Segment Start: Data

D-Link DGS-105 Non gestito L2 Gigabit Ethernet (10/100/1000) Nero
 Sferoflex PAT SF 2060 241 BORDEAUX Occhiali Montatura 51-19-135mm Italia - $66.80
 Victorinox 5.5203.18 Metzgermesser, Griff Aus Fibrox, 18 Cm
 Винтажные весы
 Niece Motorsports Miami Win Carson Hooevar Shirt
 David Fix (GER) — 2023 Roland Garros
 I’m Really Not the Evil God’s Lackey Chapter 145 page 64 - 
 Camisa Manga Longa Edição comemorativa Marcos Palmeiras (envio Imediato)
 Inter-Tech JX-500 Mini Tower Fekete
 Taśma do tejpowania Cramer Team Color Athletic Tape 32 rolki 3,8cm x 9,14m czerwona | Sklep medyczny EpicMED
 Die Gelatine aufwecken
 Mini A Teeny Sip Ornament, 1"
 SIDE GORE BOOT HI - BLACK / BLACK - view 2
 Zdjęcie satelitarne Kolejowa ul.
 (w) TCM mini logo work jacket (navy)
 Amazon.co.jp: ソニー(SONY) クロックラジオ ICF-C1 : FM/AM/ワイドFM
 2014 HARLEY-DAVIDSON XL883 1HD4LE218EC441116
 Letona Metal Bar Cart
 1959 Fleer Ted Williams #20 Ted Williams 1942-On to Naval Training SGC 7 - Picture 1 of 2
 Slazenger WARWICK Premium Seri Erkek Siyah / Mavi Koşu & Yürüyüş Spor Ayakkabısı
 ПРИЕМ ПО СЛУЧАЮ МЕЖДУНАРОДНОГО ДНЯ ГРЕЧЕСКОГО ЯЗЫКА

Segment End: Data

▶ _Assignment_
The lines wanted are those from the one with "Letona Metal Bar Cart" through the last line of the records, repeated exactly and with both ends included.

▶ _Answer area_
 Letona Metal Bar Cart
 1959 Fleer Ted Williams #20 Ted Williams 1942-On to Naval Training SGC 7 - Picture 1 of 2
 Slazenger WARWICK Premium Seri Erkek Siyah / Mavi Koşu & Yürüyüş Spor Ayakkabısı
 ПРИЕМ ПО СЛУЧАЮ МЕЖДУНАРОДНОГО ДНЯ ГРЕЧЕСКОГО ЯЗЫКА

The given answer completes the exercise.